今回はちょっと毛色を変えて、本、というか図録の紹介。
今まで無数の仏像系の展覧会を見てきましたが、その中でも最高峰に位置すると思われるのが、この「東大寺のすべて」展。「ULTIMATE
TODAIJI」なるミドルネームも素敵。
今を去ること7年前、平成14年4月〜7月に奈良国立博物館のみで行われました。
当時最高顧問は就職活動中。今に勝るとも劣らぬ就職氷河期で、この時期、まだ就職先が決まっておりませんでした。「就活終わったら見に行こう」と思っていたら、会期の方が先に終わってしまいそうになってきたので、6月下旬に慌てて奈良に向かいました。夜行バスで日帰り往復する超強行軍でした。
その時の戦利品がこの図録です。 A4サイズもさることながら、30mmに迫る、その分厚さ。 重厚というより、こうなるともう武器です(笑)
さて、その中身ですが、東大寺の歴史、東大寺の所蔵する美術品の概説、そして、このたびの出展品の数々の写真と詳細な説明に、図録として以前に、読み物としても非常におもしろい一冊。もちろん、あまたの図録と同様に、誌上で展覧会の余韻にふけることもできます。大きさゆえ、置き場所に難儀するという問題が付きまといますが...
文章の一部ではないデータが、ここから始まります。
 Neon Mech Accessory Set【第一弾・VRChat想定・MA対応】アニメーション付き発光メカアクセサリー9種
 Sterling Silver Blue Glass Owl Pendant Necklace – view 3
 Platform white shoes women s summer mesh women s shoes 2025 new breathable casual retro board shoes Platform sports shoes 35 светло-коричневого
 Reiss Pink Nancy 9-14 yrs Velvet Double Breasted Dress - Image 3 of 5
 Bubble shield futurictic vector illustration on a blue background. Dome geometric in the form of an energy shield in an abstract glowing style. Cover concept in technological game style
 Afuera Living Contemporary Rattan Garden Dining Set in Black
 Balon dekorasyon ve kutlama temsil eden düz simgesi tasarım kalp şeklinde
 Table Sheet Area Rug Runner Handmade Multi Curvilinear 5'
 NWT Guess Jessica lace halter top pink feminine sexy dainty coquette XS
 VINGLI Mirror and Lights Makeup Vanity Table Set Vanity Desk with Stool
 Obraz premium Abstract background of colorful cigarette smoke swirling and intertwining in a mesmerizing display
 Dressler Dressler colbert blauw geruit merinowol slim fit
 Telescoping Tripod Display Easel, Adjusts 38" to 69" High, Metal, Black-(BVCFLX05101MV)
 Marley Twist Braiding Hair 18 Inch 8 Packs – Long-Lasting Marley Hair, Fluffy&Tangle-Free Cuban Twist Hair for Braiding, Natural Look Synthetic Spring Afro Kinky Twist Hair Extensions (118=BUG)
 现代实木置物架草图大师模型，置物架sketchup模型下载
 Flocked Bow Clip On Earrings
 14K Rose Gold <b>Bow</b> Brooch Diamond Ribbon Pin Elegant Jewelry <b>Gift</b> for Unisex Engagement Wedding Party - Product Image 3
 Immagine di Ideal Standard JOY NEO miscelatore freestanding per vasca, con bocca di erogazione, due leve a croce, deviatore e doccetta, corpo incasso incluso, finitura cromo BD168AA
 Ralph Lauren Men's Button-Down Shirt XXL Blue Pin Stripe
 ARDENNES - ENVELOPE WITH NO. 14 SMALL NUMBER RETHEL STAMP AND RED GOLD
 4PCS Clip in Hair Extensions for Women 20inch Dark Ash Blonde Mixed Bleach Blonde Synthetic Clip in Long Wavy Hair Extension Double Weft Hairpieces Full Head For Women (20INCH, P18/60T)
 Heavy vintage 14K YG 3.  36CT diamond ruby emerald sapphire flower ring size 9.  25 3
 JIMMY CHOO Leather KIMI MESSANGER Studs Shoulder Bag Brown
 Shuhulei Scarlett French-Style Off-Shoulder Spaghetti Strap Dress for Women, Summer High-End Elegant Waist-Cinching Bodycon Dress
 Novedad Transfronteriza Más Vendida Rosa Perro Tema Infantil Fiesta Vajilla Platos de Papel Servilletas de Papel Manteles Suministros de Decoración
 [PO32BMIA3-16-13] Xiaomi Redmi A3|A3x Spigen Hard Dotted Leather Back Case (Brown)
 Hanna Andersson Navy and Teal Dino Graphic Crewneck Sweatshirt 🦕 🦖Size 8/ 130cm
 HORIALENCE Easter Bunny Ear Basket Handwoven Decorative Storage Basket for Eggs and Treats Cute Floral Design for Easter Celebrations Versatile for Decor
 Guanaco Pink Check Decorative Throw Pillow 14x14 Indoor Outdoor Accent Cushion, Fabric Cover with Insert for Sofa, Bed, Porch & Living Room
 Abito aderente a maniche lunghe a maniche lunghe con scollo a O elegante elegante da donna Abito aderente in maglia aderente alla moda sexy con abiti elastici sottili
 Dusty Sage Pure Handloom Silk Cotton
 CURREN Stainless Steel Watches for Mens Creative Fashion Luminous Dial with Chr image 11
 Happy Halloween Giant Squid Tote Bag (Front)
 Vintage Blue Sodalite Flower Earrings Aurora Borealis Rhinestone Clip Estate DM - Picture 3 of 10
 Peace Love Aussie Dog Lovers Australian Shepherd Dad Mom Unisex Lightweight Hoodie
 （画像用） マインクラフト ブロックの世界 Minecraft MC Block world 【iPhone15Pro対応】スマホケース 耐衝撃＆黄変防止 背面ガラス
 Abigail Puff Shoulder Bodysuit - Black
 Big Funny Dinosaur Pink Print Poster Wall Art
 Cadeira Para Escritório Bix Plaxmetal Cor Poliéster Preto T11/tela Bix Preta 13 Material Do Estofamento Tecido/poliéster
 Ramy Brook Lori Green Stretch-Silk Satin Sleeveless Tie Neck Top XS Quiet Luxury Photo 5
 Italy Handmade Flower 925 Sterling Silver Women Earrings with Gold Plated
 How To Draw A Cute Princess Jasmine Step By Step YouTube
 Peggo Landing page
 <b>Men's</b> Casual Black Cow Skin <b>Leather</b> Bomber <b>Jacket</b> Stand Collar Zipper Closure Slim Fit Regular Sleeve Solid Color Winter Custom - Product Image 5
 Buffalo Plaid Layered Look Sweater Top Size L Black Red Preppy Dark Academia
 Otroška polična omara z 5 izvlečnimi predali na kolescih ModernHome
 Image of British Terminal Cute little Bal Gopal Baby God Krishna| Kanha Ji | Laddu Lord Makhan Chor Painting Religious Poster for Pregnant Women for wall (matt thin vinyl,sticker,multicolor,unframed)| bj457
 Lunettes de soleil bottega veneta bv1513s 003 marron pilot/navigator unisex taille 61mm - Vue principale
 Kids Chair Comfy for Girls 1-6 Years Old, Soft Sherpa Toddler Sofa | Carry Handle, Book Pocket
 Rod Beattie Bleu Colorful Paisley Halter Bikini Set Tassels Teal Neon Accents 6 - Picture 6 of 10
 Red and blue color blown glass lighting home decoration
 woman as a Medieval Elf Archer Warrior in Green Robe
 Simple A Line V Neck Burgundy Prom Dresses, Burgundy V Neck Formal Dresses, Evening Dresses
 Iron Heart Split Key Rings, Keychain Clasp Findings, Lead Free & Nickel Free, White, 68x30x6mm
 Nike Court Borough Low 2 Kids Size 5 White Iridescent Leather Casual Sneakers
それにしても、「東大寺のすべて」と銘打つだけあって、仏像だけとってみても、法華堂から日光月光、戒壇堂から四天王、俊乗堂から重源像、開山堂の良弁像、八幡堂の僧形八幡神像など、動かせる国宝はあらかた持ってきた感のある、凄まじいまでのラインナップでした。もうこの水準の展覧会はそうそうないんでしょうなぁ・・・
そういえば、間もなくファイナルを迎える東博の阿修羅展ですが、来年の今頃は、「東大寺展」になるとのもっぱらの噂。さてさて、どんなのがやってくるのか、久々にこの図録を開いてみることにしますか・・・。